In [1]:
import pandas as pd
from langchain_text_splitters import RecursiveCharacterTextSplitter
from sentence_transformers import SentenceTransformer
from langchain_community.vectorstores import Chroma
from langchain_community.embeddings import HuggingFaceEmbeddings
import os
import tqdm # For progress bar

# Configuration
DATA_PROCESSED_PATH = '../data/processed/filtered_complaints.csv'
VECTOR_STORE_DIR = '../data/vector_store'
EMBEDDING_MODEL_NAME = 'sentence-transformers/all-MiniLM-L6-v2'
CHUNK_SIZE = 1500  # characters
CHUNK_OVERLAP = 200 # characters

  from .autonotebook import tqdm as notebook_tqdm


In [2]:
def load_processed_data(file_path):
    """
    Loads the cleaned and filtered complaint dataset.
    """
    try:
        df = pd.read_csv(file_path)
        print(f"Loaded processed data from {file_path}. Shape: {df.shape}")
        return df
    except FileNotFoundError:
        print(f"Error: Processed data file not found at {file_path}. Please run Task 1 first.")
        return None
    except Exception as e:
        print(f"An error occurred while loading processed data: {e}")
        return None

In [3]:
def chunk_texts(df, text_column='Consumer complaint narrative_cleaned', id_column='Complaint ID', product_column='Product'):
    """
    Chunks long text narratives and associates metadata.
    """
    print(f"\n--- Chunking text narratives (chunk_size={CHUNK_SIZE}, chunk_overlap={CHUNK_OVERLAP}) ---")

    text_splitter = RecursiveCharacterTextSplitter(
        chunk_size=CHUNK_SIZE,
        chunk_overlap=CHUNK_OVERLAP,
        length_function=len,  # Measure length by characters
        separators=["\n\n", "\n", " ", ""] # Default separators
    )

    all_chunks = []
    # Create a unique ID for each original complaint, assuming 'Complaint ID' exists or generating one.
    # If 'Complaint ID' is not in your CFPB data, you might need to create one, e.g., using df.index
    if id_column not in df.columns:
        df[id_column] = range(len(df)) # Simple integer ID if not present

    for index, row in tqdm.tqdm(df.iterrows(), total=df.shape[0], desc="Chunking complaints"):
        narrative = row[text_column]
        original_complaint_id = row[id_column]
        product_category = row[product_column]
        issue = row['Issue'] # Assuming 'Issue' is a useful metadata field

        # Ensure narrative is a string, handle potential NaN/empty after cleaning
        if pd.isna(narrative) or not isinstance(narrative, str) or len(narrative.strip()) == 0:
            continue

        chunks = text_splitter.split_text(narrative)

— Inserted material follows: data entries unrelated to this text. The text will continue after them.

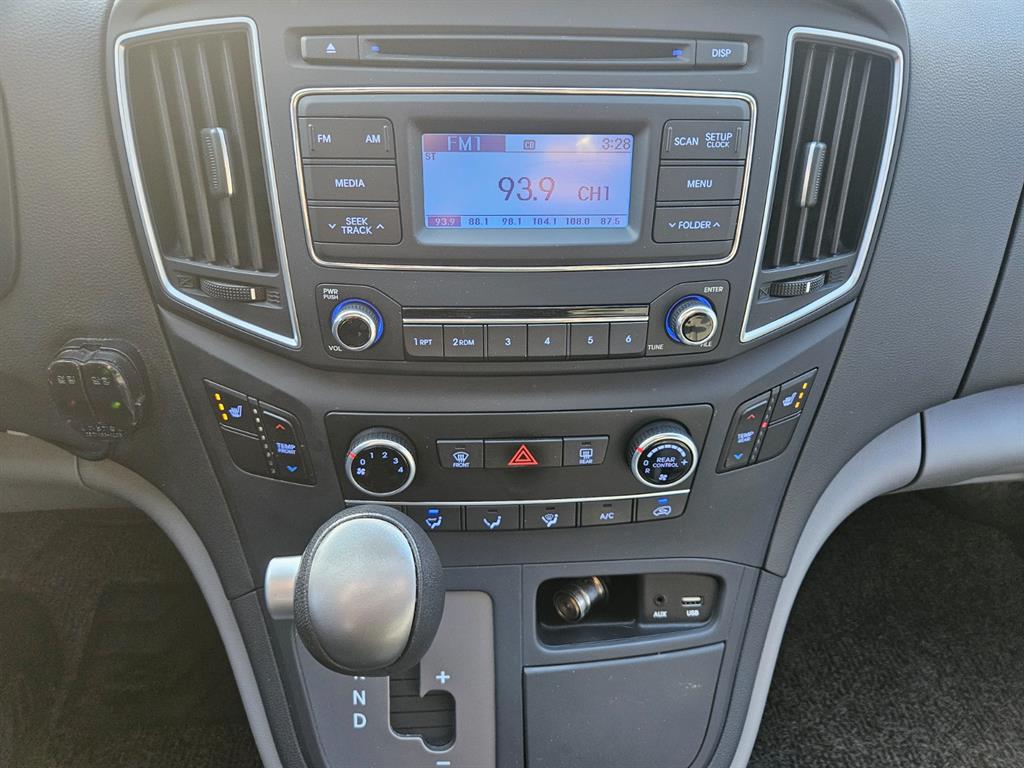 HYUNDAI Starex - Vista 8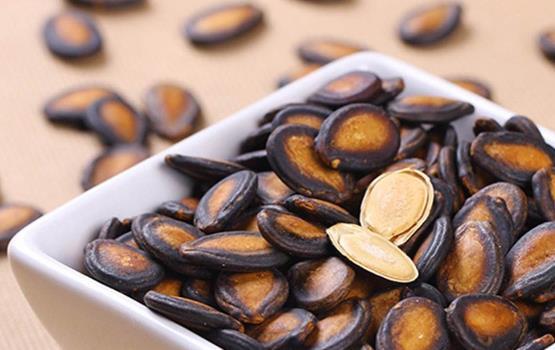 西瓜子吃多了會上火嗎?吃西瓜子有哪些好處?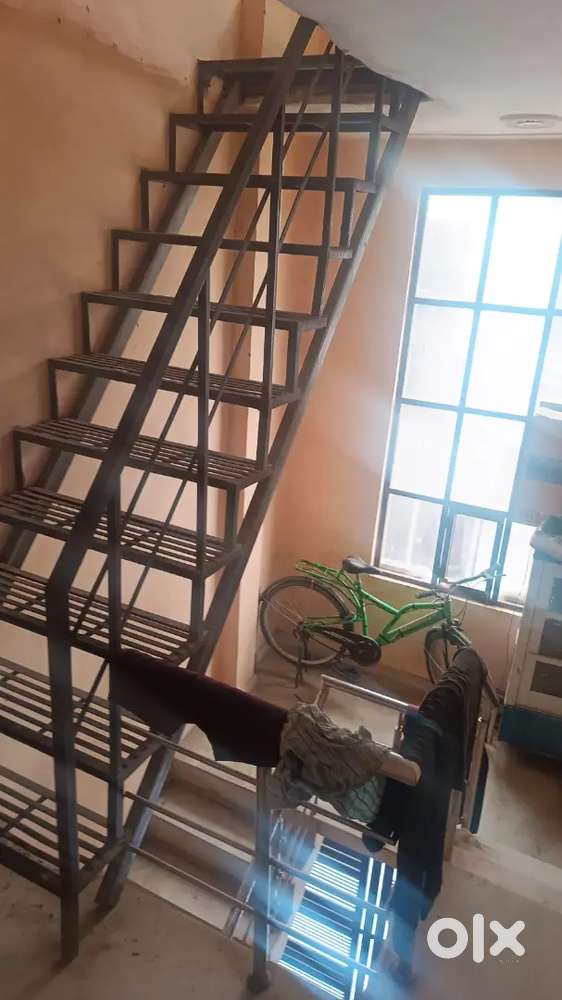 two room set available for rent in mohan enclave colony first floor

        for i, chunk in enumerate(chunks):
            all_chunks.append({
                "chunk_content": chunk,
                "metadata": {
                    "original_complaint_id": original_complaint_id,
                    "product": product_category,
                    "issue": issue,
                    "chunk_id": f"{original_complaint_id}-{i}" # Unique ID for each chunk
                }
            })
    print(f"Generated {len(all_chunks)} chunks.")
    return all_chunks

In [4]:
def get_embedding_model(model_name):
    """
    Loads the HuggingFace embedding model.
    """
    print(f"\n--- Loading embedding model: {model_name} ---")
    try:
        # Use HuggingFaceEmbeddings from LangChain for consistency with Chroma
        embeddings_model = HuggingFaceEmbeddings(model_name=model_name)
        print("Embedding model loaded successfully.")
        return embeddings_model
    except Exception as e:
        print(f"Error loading embedding model {model_name}: {e}")
        print("Please ensure you have 'sentence-transformers' and 'torch' installed.")
        return None

In [5]:
def create_and_persist_vector_store(chunks, embeddings_model, persist_directory):
    """
    Creates a ChromaDB vector store and persists it to disk.
    """
    print(f"\n--- Creating and persisting vector store to {persist_directory} ---")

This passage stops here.